L’accordo tra gli osservatori riguardo alla cianosi è stato trovato da scarso nella valutazione dell’acrocianosi a molto buono nella valutazione dei bambini piccoli con bronchiolite. Per ridurre al minimo la variabilità di questo risultato, la cianosi è meglio osservata alla luce del giorno e con il paziente a riposo in una stanza confortevolmente calda. La distribuzione della cianosi e lo stato della perfusione periferica dovrebbero essere annotati. I pazienti con ridotta portata cardiaca e scarsa perfusione periferica possono essere cianotici nonostante la normale saturazione dell’emoglobina arteriosa. Alcuni pazienti possono diventare cianotici solo durante l’esercizio, una risposta comune quando la malattia polmonare restrittiva riduce il letto capillare polmonare e il tempo di transito degli eritrociti diventa troppo breve per la piena saturazione a verificarsi durante episodi di aumento della portata cardiaca. Le cardiopatie congenite nei neonati possono portare a cianosi differenziale, che colpisce solo la parte inferiore del corpo (ad esempio, nei pazienti con coartazione preduttale dell’aorta). Meno comunemente, solo la parte superiore del corpo è cianotica (ad esempio, nei pazienti con trasposizione delle grandi arterie in associazione con il dotto arterioso pervio e lo shunt polmonare aortico).
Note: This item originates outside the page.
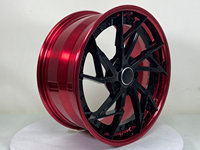 Glänzend Schwarze Candy-Rote Felgen mit Lippen-Netzdesign aus Geschmiedeter 6061 T6 Aluminiumlegierung 12000T Gepresst TÜV JWL VIA Std S4-00032 18-24 Zoll Maßanfertigung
L’impressione clinica di cianosi è solitamente confermata da un’analisi dei gas del sangue arterioso o, più comunemente, dalla pulsossimetria. La pulsossimetria, tuttavia, non terrà conto della presenza di emoglobina anormale. Per esempio, nella metemoglobinemia la capacità di trasporto dell’ossigeno del sangue è ridotta e i pazienti possono apparire blu lavanda, ma la pulsossimetria può sovrastimare la saturazione di ossigeno nel sangue arterioso (SaO2). Il sangue dei neonati, al contrario, può essere ben saturo e non cianotico a basse tensioni di ossigeno arterioso a causa della diversa curva di legame all’ossigeno dell’emoglobina fetale. Nel paziente con ipossiemia che non presenta cianosi (ad esempio, il paziente anemico), il medico deve prestare particolare attenzione ad altri segni clinici e sintomi di ipossia. Questi includono tachipnea e tachicardia, dispnea da sforzo, ipertensione, mal di testa e cambiamenti comportamentali. Con un’ipossia più grave, ci possono essere disturbi visivi, sonnolenza, ipotensione e infine coma. Inoltre, il paziente può avere un livello elevato di anidride carbonica. A seconda di quanto rapidamente e in che misura il livello di anidride carbonica è salito, i segni clinici dell’ipercarbia rifletteranno in gran parte la dilatazione vascolare. Questi segni includono mani e piedi arrossati e caldi, pulsazioni che si contraggono, confusione o sonnolenza, contrazioni muscolari, vene retiniche ingrossate e, nei casi più gravi, papilledema e coma.